Nanny Jobs Provide a Steady Source of Income, Yet Promise Little in the Way of Advancement
Below are some interesting thoughts found in the Huffington Post by Rebecca Carroll comparing nannies today with the movie "The Help." Click here to see entire article.
I have met a handful of six-figure nannies. Yep, there are a few in-home childcare providers that make $100,000 per year. Despite a college degree and 18-years nanny experience, I'm still not one of those nannies.
As I read this article in the Huffington Post I wonder if it's true what Enobong Hannah Branch, an assistant professor of sociology at the University of Massachusetts at Amherst says,"The expectation of the [nanny] job grows, but the salary does not."
I'm paid well, but didn't get a cost-of-living raise at my four-year Nanny-Versary. I did get raises other years and a ten-percent increase with the birth of the family's newborn. I am not complaining since I make a good salary and for a lovely family with great kids. But, the sociologists comments do make me wonder: Do nanny salaries eventually cap-out? How much can we ever actually expect to make? Is there really any room for advancement?

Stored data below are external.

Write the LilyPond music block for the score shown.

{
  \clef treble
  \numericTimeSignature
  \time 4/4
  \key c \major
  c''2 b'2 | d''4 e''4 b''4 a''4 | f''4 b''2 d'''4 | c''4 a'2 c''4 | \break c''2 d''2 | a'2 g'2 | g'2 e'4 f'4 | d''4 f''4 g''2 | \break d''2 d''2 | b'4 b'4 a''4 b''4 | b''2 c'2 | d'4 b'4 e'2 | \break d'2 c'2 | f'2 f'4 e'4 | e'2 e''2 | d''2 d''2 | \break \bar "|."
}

Here are some highlights of the article:
The high-profile success of the movie "The Help" has thrust nannies into the center of the American conversation, while projecting the notion that taking care of other people's children amounts to a viable early-stage career opportunity, the first step on the pathway to better things.

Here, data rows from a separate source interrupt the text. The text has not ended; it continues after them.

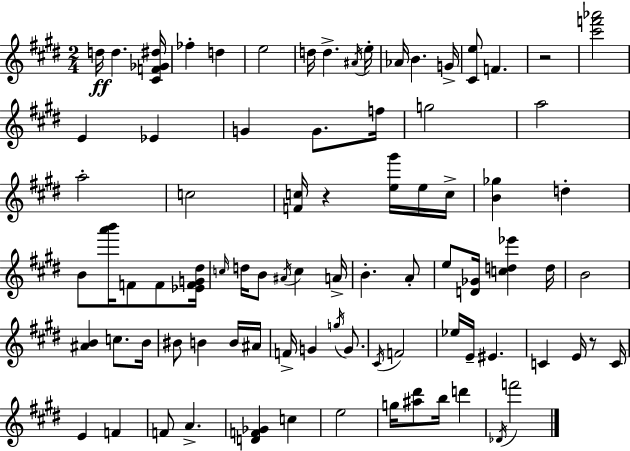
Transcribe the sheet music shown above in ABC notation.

X:1
T:Untitled
M:2/4
L:1/4
K:E
d/4 d [^CF_G^d]/4 _f d e2 d/4 d ^A/4 e/4 _A/4 B G/4 [^Ce]/2 F z2 [^c'f'_a']2 E _E G G/2 f/4 g2 a2 a2 c2 [Fc]/4 z [e^g']/4 e/4 c/4 [B_g] d B/2 [a'b']/4 F/2 F/2 [_EFG^d]/4 c/4 d/4 B/2 ^A/4 c A/4 B A/2 e/2 [D_G]/4 [cd_e'] d/4 B2 [^AB] c/2 B/4 ^B/2 B B/4 ^A/4 F/4 G g/4 G/2 ^C/4 F2 _e/4 E/4 ^E C E/4 z/2 C/4 E F F/2 A [DF_G] c e2 g/4 [^a^d']/2 b/4 d' _D/4 f'2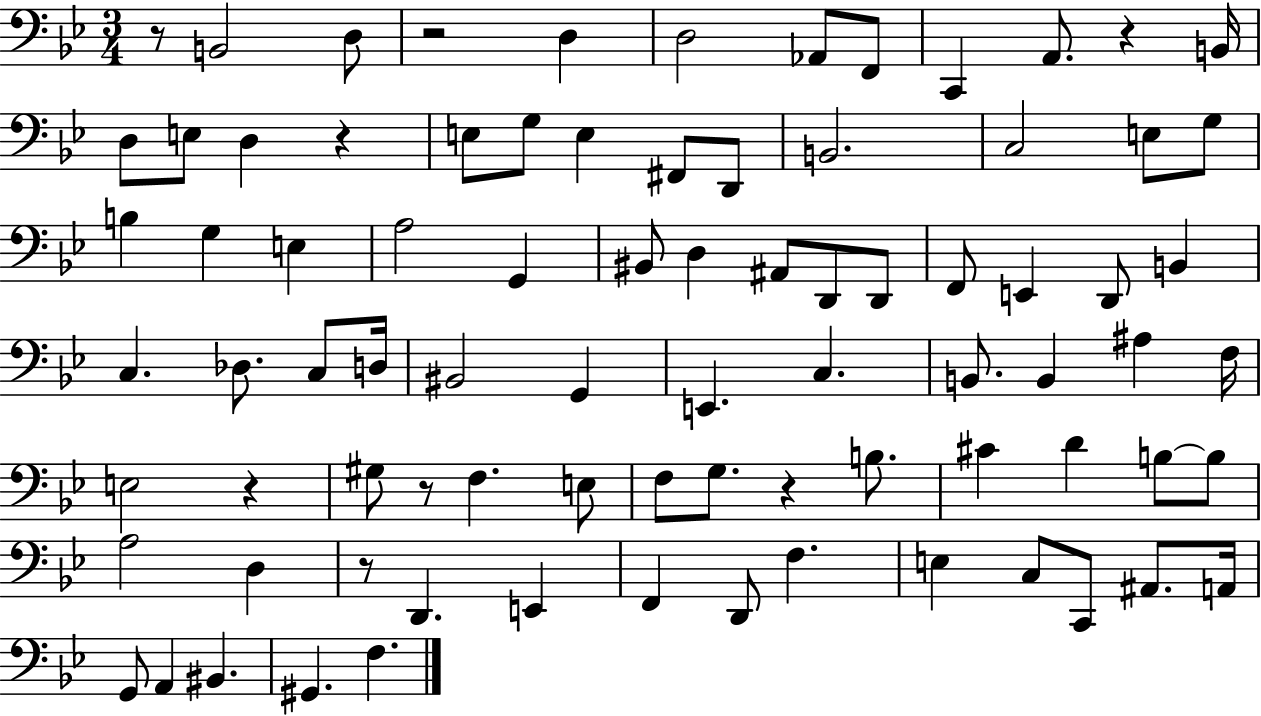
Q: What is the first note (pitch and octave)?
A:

But this comes as news to real-life nannies encountered this week in the affluent New York City neighborhood of Park Slope, Brooklyn, where women described their work as just that: a basic job in an American economy that does not have enough of them.
Despite the mythologies surrounding the life of nannies, their jobs operate at the intersection of the American underground economy and the homes of wealthier people. Many are employed by white collar professionals who work for major corporations, yet most are paid under the table, without health benefits. In an economy marked by high unemployment, nanny jobs continue to provide a steady source of income for thousands of women, yet these positions promise little in the way of advancement and are rife with exploitation, say labor experts.
"These jobs are not good jobs," said Enobong Hannah Branch, an assistant professor of sociology at the University of Massachusetts at Amherst and author of the forthcoming book "Opportunity Denied: Limiting Black Women to Devalued Work." "They are not jobs that are above the table, with set hours, clear expectations, health insurance, vacation, a process for grievances."
In New York, a law passed by the state legislature last year officially extended myriad labor protections to domestic workers. But many nannies working in the more gentrified areas of New York City are undocumented immigrants from the Caribbean, and many employers pay under the table and are reluctant to renegotiate that arrangement.